Avec les actionnaires fondateurs, il vaut mieux en parler avant. Et avec les futurs actionnaires, au moment de l’instruction du dossier, quand toutes les questions juridiques arrivent. « Dès ce moment-là, il faut savoir ce qu’on veut. Mais, à mon sens, il ne faut pas penser cette négociation comme un rapport de force ou un jeu de go », précise l’entrepreneuse. Dans ces discussion, il faut être clair et transparent sur ce qui est négociable ou pas, et écouter les demandes de ses interlocuteurs.

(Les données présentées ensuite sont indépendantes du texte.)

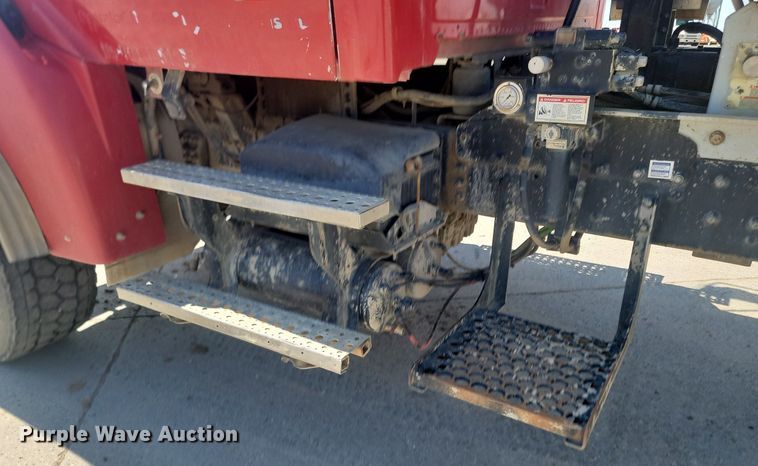 image for item NZ9983 2007 Sterling  LT9511 ready mix truck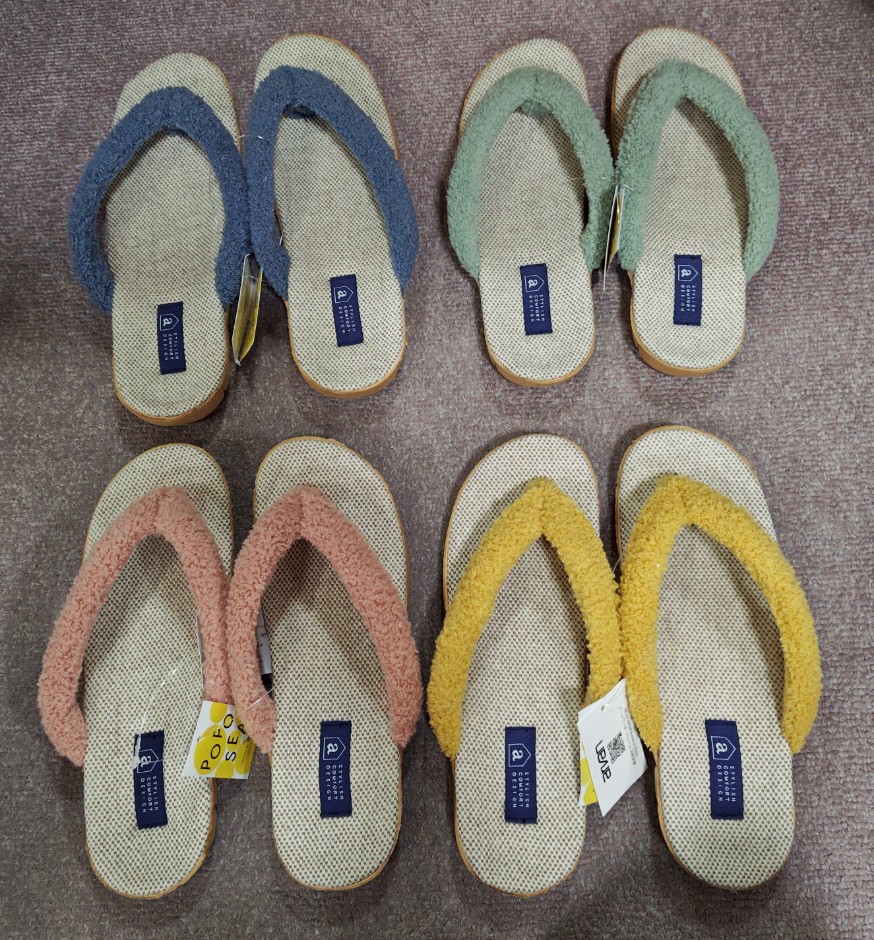 外でも使えます。汚れ、水に強く、静かで滑りにくい。鼻緒が痛くないです。
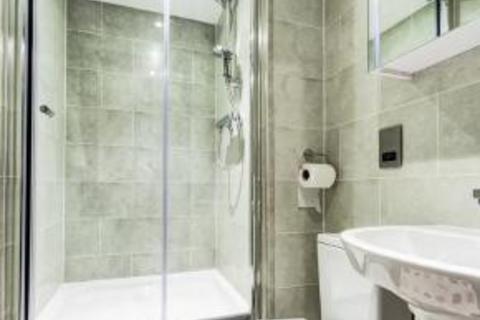 6 bedroom house to rent, BOSTON EXCHANGE COURT, Leeds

Marion Berthaut voulait, par exemple, instaurer
un conseil d’orientation stratégique
dans lequel chaque membre avait une voix. « Un de mes investisseurs a demandé que si une proposition était mise sur la table et que deux membres la refusaient, elle soit annulée. J’étais contre ! J’ai pris ça pour un droit de véto. Mais ils m’ont ensuite expliqué que ça n’était pas pour empêcher l’entreprise d’avancer, mais plutôt pour forcer la discussion s’il y avait des désaccords. Cette discussion ouverte m’a permis de mieux comprendre cette demande, et finalement de la trouver plaisante. Si chacun avait caché ses cartes, on aurait probablement mis fin à la discussion » , conclut la cofondatrice de Mobidys.